Ce sera un vitello tonnato façon Simone : veau cuit à basse température, crème tonnato, bille d’eau de câpre. Il est accompagné d’un velouté de potiron (non photographié). L’accord s’est fait impeccablement avec le champagne Collet Brut Art-Déco pour le premier et le champagne Collet meunier vieilles vignes collection privée pour le second.
Voici le plat qui a ensorcelé toute la salle, jury et autres : agnolotti de veau braisé, crème de cèpes et truffe blanche. Une pure merveille de finesse, d’équilibre et de goût, joliment accompagné par les notes rôties du champagne Collet brut vintage collection privée 2008. Trois agnolotti sur l’assiette. On demande si, on ne sait jamais, il n’y aurait pas de rab. Il n’y en a pas.

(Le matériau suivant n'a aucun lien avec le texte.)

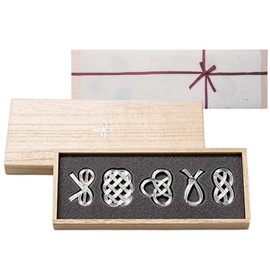 [Nomaku Washi Wrapping] Chopsticks Rest - Ties - 5 Pieces
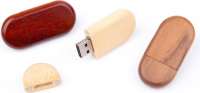 Vorschau: USB Stick Holz Oval Vorschau: USB Stick Holz Oval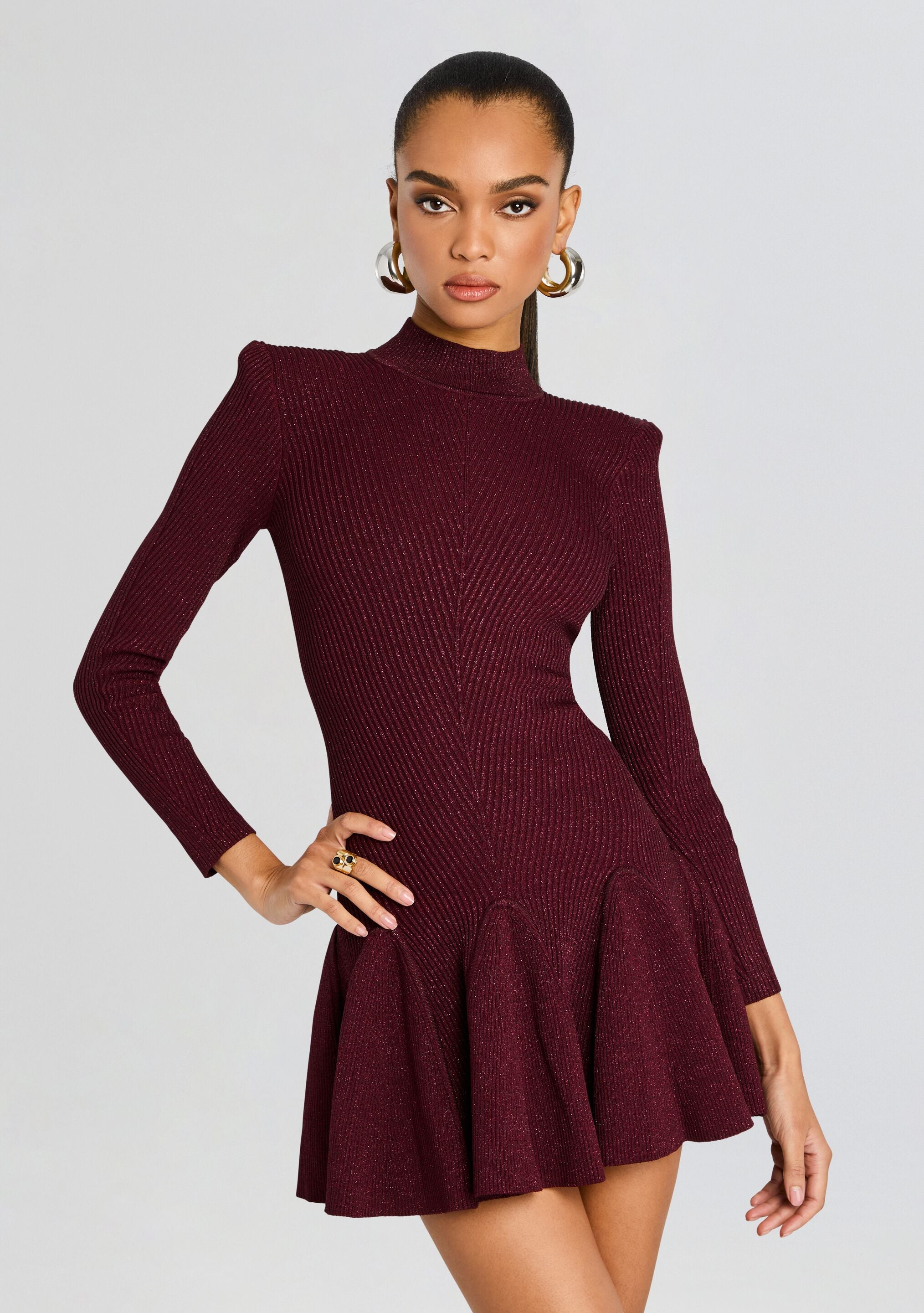 Sydonie Knit Dress-Stylulu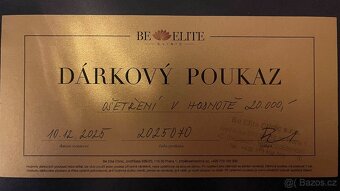 Dárkový poukaz BE ELITE - 2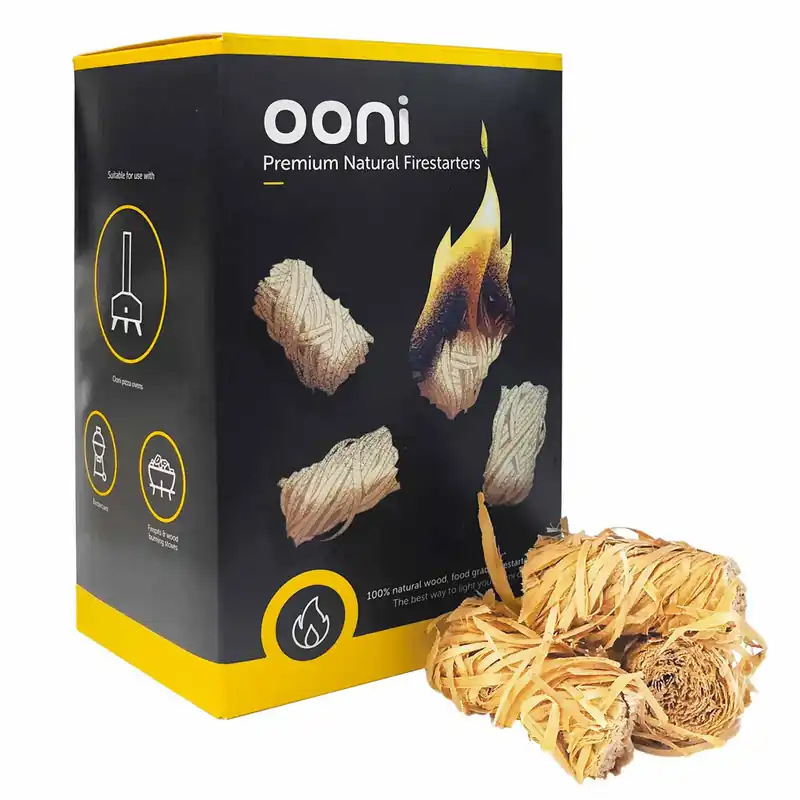 Ooni Premium Anzünder 50 Stück Schneller Versand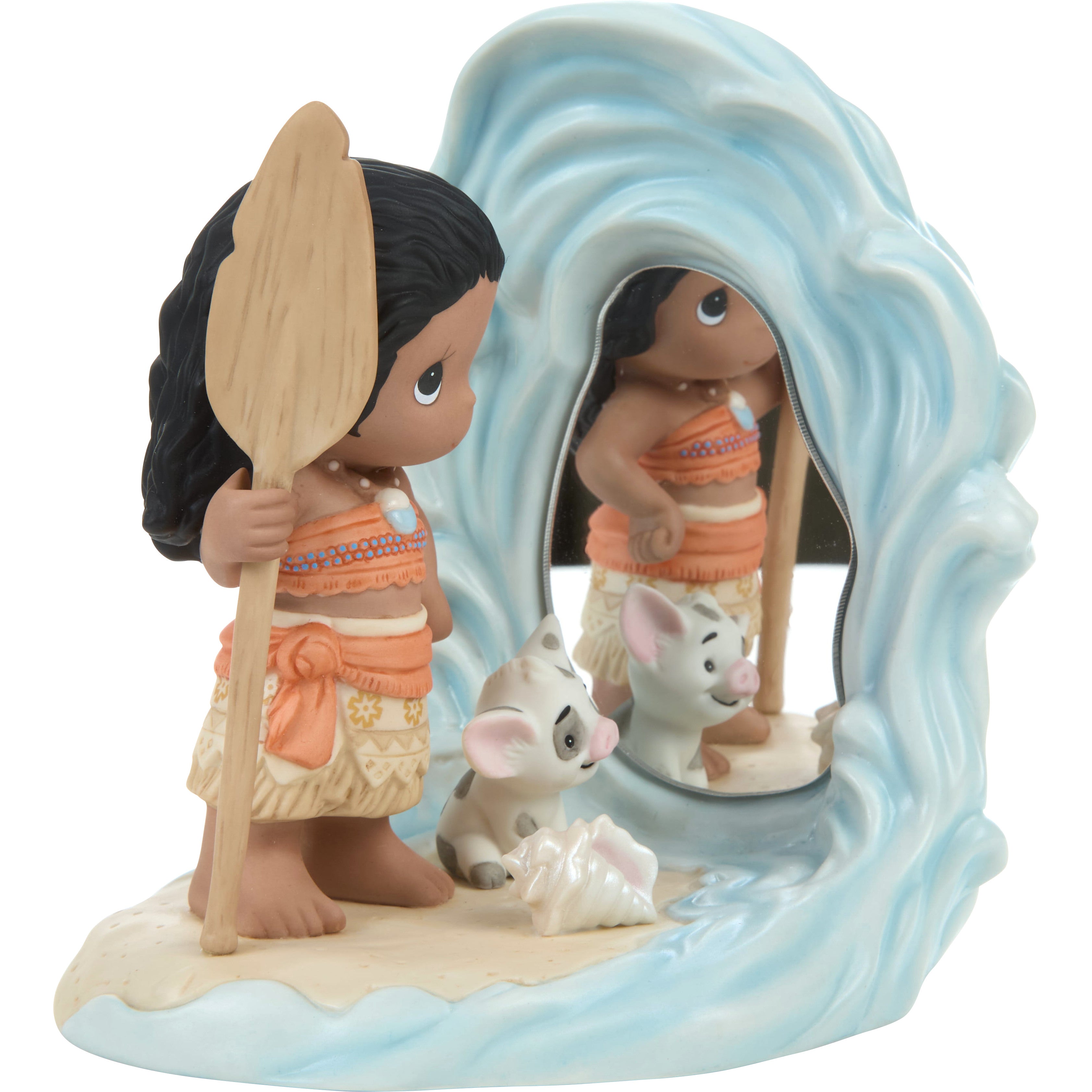Sea Your Own Way Disney Moana Figurine - Alternate View 1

Parce qu’il faut passer au risotto. Vous ne pensiez tout de même pas qu’on allait l’apporter et le réchauffer ? C’est du sur-mesure, du fait-minute.
Et le voilà bientôt dans les assiettes, ce risotto de calmar au champagne Collet brut. Les grains, tendres et entiers, tiennent en suspension dans un jus riche et savoureux fait de fumet de poisson et de champagne. Coiffant tout cela, de délicates petites pistes sautées l’espace d’un instant et un shiso pourpre qui est exactement l’herbe qu’il fallait. Champagne Collet brut avec ça, évidemment.

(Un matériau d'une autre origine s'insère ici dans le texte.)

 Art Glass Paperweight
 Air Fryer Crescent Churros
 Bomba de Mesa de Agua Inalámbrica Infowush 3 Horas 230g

Le bar de ligne en cartoccio est cuit dans une papillote qui contient des palourdes, quelques petites tomates olivettes, des olives taggiasche, du citron et un jus divin que nous lampons jusqu’à la dernière goutte. Ce plat soyeux s’allie avec grâce au champagne Collet Esprit Couture.
Nocciola e limone : sur un socle de biscuit et de glace noisette, dans une assiette chemisée de poudre de noisette, la mousse de noisette du Piémont renferme un cœur de citron confit. Généreux, surprenant et voluptueux. L’accord, une fois n’est pas coutume, ne marche pas très bien (champagne Collet rosé dry collection privée). Mais il n’est pas facile d’associer un champagne à ce type de dessert.

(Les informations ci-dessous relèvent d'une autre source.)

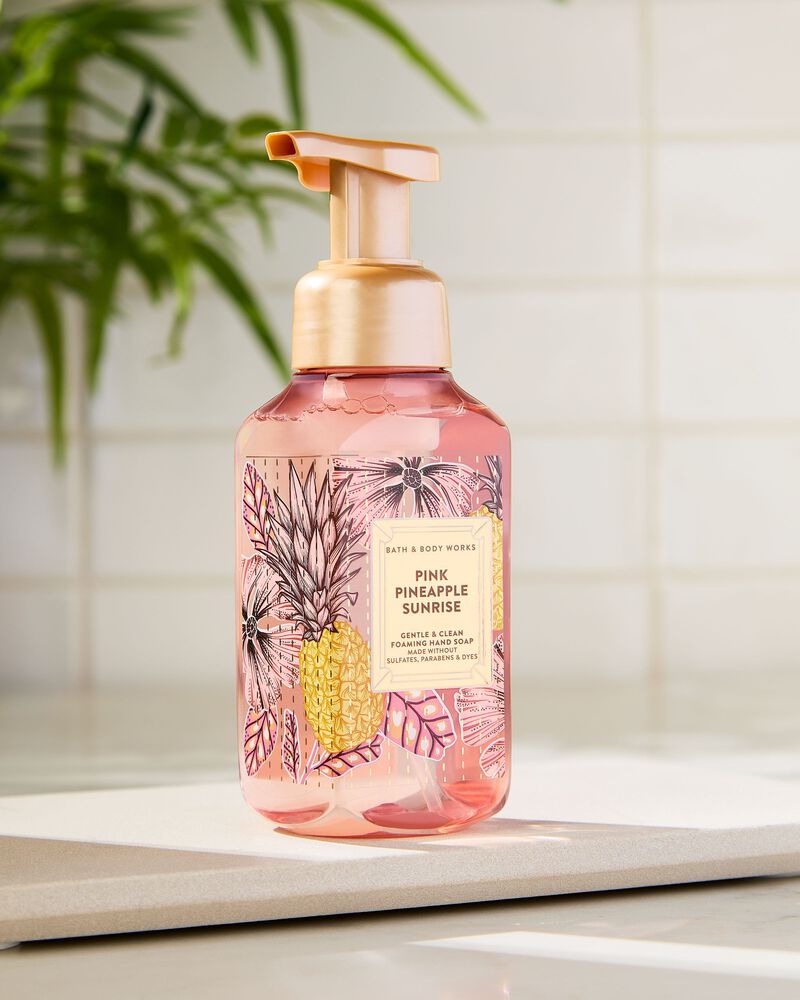 Pink Pineapple Sunrise Gentle & Clean Foaming Hand Soap Gentle & Clean Foaming Hand Soap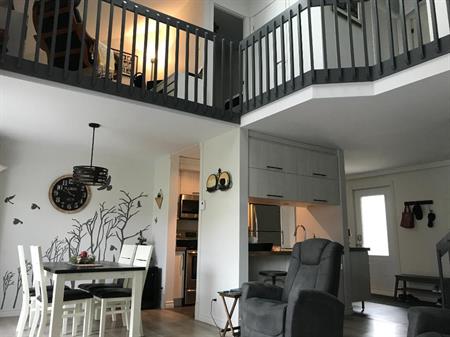 Hébergement Condo Villa, maison ville a louer au pied du Mont-Sainte-Anne, skie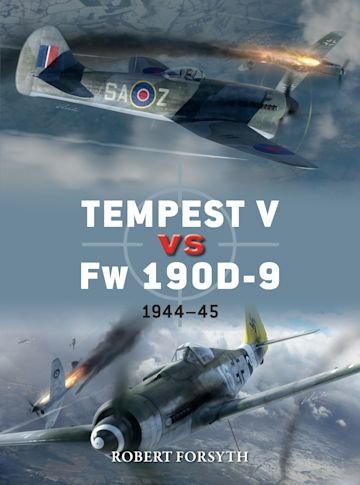 DUEL 097 Tempest V vs Fw 190D-9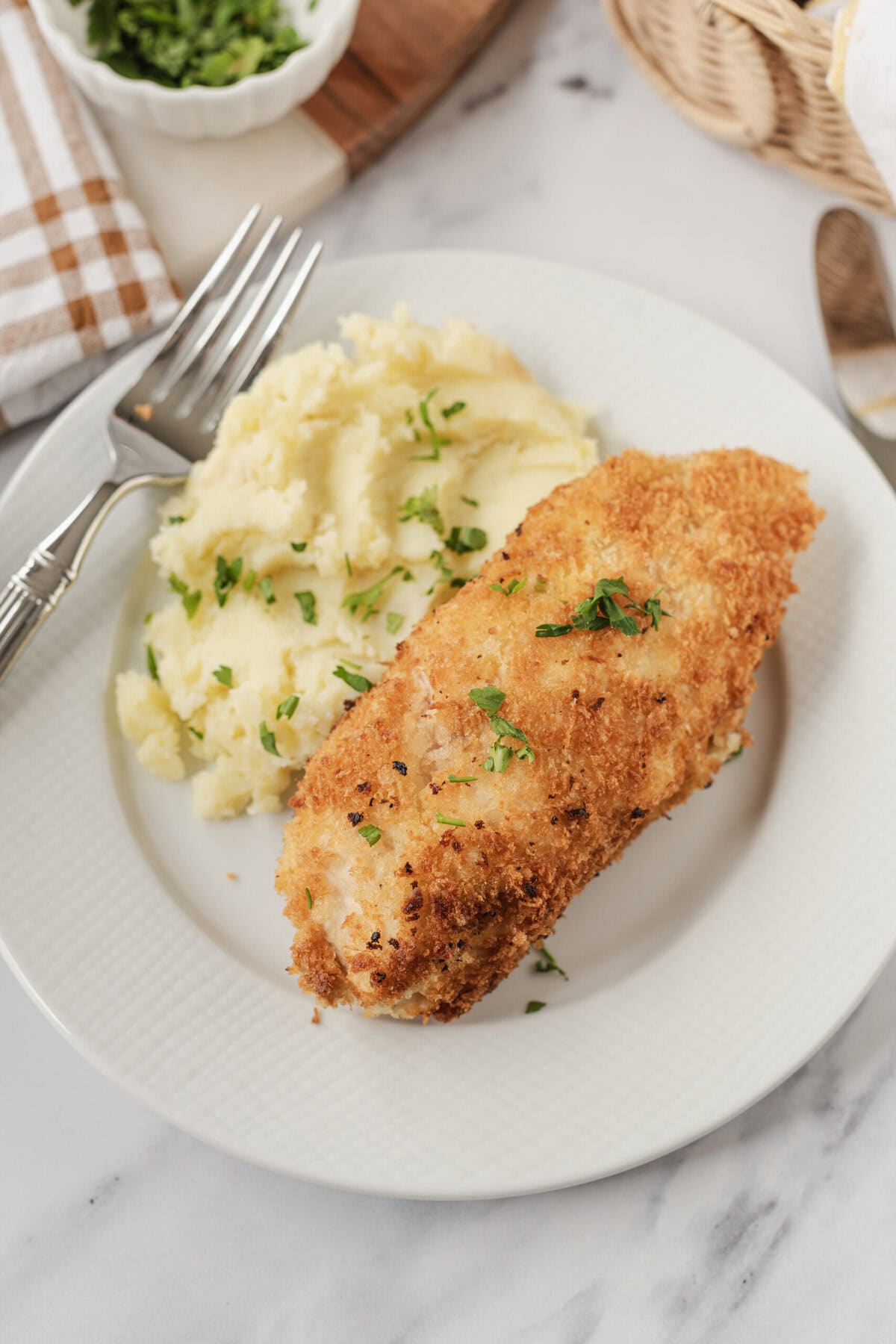 Chicken Kiev - foodfaithfitness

Ainsi, nous avons goûté et, pour beaucoup, découvert cette cuisine généreuse, lumineuse et dédiée à la saveur jusqu’à la moindre goutte. Merci, Simone, de t’y mettre tout entier. Au cas où l’on observerait que, corédactrice du livre et autrice de cette chronique, je suis ici juge et partie, je réponds : et comment ! Comme si ça changeait quoi que ce soit à la réalité de ce que je vous raconte. Et d’ailleurs, c’est encore pire que ça : Simone est un ami. Juge, partie et inconditionnelle de ce chef sincère, solaire et modeste, qui aime la vie et aime les gens qui aiment la vie. Et il conduit cette Porsche Turbo comme un dieu. À votre santé et au tunnel du Mont-Blanc !
Simone Zanoni, Mon Italie. Éditions de La Martinière, sortie 11 octobre 2018, 45 €, photographies de Jean-Claude Amiel.